** The data follows **
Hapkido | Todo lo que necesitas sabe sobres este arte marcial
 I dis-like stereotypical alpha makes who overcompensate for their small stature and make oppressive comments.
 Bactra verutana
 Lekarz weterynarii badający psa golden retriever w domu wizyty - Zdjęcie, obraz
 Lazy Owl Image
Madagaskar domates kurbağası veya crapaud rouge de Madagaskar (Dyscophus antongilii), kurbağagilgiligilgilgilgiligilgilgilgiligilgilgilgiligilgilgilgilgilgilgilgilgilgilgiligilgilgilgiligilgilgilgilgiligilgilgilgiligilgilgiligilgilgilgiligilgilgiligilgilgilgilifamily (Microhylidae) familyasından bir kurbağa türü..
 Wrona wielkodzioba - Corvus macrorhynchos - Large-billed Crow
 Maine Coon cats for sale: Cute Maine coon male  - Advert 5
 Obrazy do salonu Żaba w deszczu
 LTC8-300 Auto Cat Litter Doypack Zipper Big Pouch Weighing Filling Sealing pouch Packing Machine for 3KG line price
** End of The data **
# Task description
Up to and including the last line of the records above, print exactly every line from the one that contains "Wrona wielkodzioba - Corvus" onward.

# Exercise output
 Wrona wielkodzioba - Corvus macrorhynchos - Large-billed Crow
 Maine Coon cats for sale: Cute Maine coon male  - Advert 5
 Obrazy do salonu Żaba w deszczu
 LTC8-300 Auto Cat Litter Doypack Zipper Big Pouch Weighing Filling Sealing pouch Packing Machine for 3KG line price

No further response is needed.